This is about the first story I’ll be posting here, so please pardon my typo and I’ll try to make it a short one.
I met this girl about four years ago and we started dating immediately (she was 20). She was a good person but I had no deep emotional feelings for her. She even got a customized Man United Jersey for me.. The first birthday gift I ever had.
Fast forward to December 2018, I decided to break up with her becos I met someone else whom I thought I would settle down with but that relationship turned out be my worst nightmare (story for another day). By January 2020 I decided I’ve had enough and quitted, then I reached out to my ex and mended things with her cos she never offended me and I didn’t want to be lonely.
Our relationship was mainly sexual.. Sometimes without protection.
Fast forward, mid May 2020 she sent me a message asking when last I did an HIV test and I told her since August last year (a lie). I called her immediately and tried to know why she asked and she confessed that she has been diagnosed HIV positive since late last year and she has been battling with her conscience since we came back and started having unprotected sex.

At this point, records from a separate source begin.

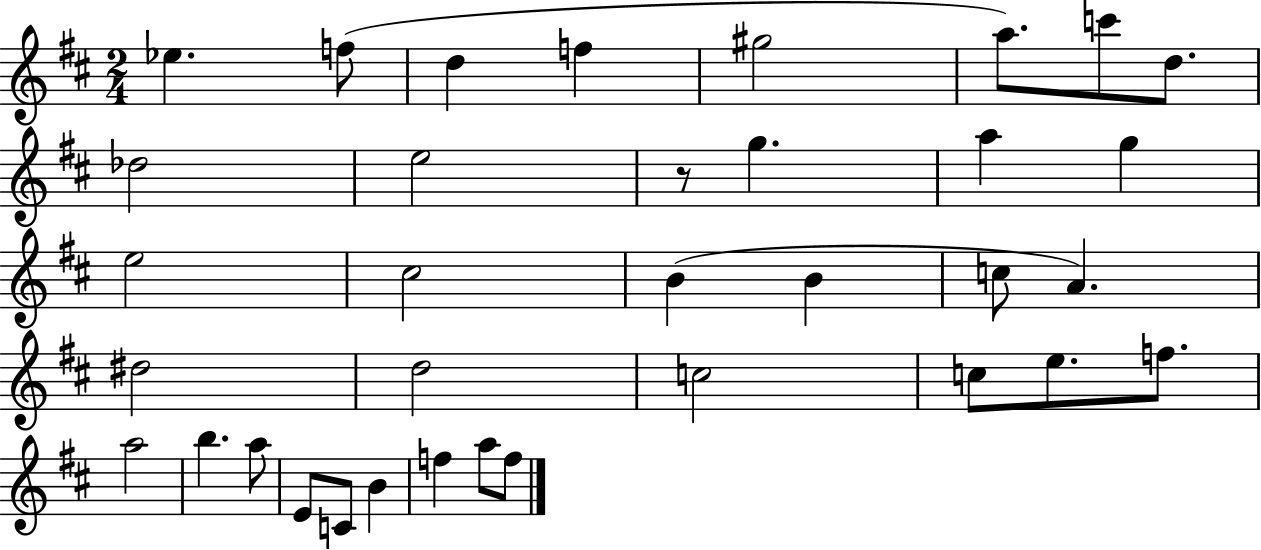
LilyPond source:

{
  \clef treble
  \numericTimeSignature
  \time 2/4
  \key d \major
  ees''4. f''8( | d''4 f''4 | gis''2 | a''8.) c'''8 d''8. | \break des''2 | e''2 | r8 g''4. | a''4 g''4 | \break e''2 | cis''2 | b'4( b'4 | c''8 a'4.) | \break dis''2 | d''2 | c''2 | c''8 e''8. f''8. | \break a''2 | b''4. a''8 | e'8 c'8 b'4 | f''4 a''8 f''8 | \break \bar "|."
}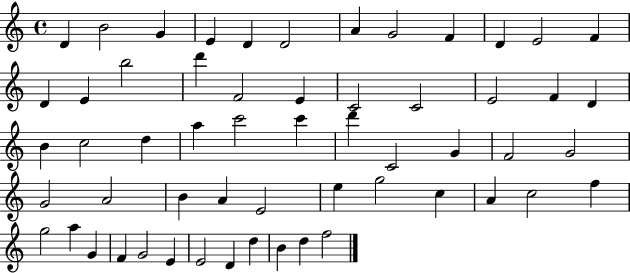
D4/q B4/h G4/q E4/q D4/q D4/h A4/q G4/h F4/q D4/q E4/h F4/q D4/q E4/q B5/h D6/q F4/h E4/q C4/h C4/h E4/h F4/q D4/q B4/q C5/h D5/q A5/q C6/h C6/q D6/q C4/h G4/q F4/h G4/h G4/h A4/h B4/q A4/q E4/h E5/q G5/h C5/q A4/q C5/h F5/q G5/h A5/q G4/q F4/q G4/h E4/q E4/h D4/q D5/q B4/q D5/q F5/h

Initially, I was very furious with her and myself. How could I make such a silly mistake?… How could I be so gullible as to trust a girl merely by her looks? She called, messaged and begged that I should forgive her but I told her to give me some space for the time being.
I became so scared of going for a test until last month (September) when I decided to meet her. We spoke at length and I was more traumatized when she told me that she wasn’t in any sexual relationship since our break up in 2018… She thought I infected her. I was also confused because aside catarrh I’ve not treated even malaria since the beginning of this year. In fact since August last year I was only diagnosed with malaria and typhoid.
Conclusively, I decided to go with her to the hospital to conduct the test yesterday October 19, 2020. I prayed for a second chance as i waited anxiously in the Lab reception.
Finally, the doctor called me and told me the test result. Wow.. What a relief, I thank God Almighty for a second chance. I know HIV is not the end of the world, but what I feared the most and for most people out there is the stigma.
AND FOR MY NOW EX… I’ll Like to sit down with her in order to know the truth. I want to know how she contracted HIV.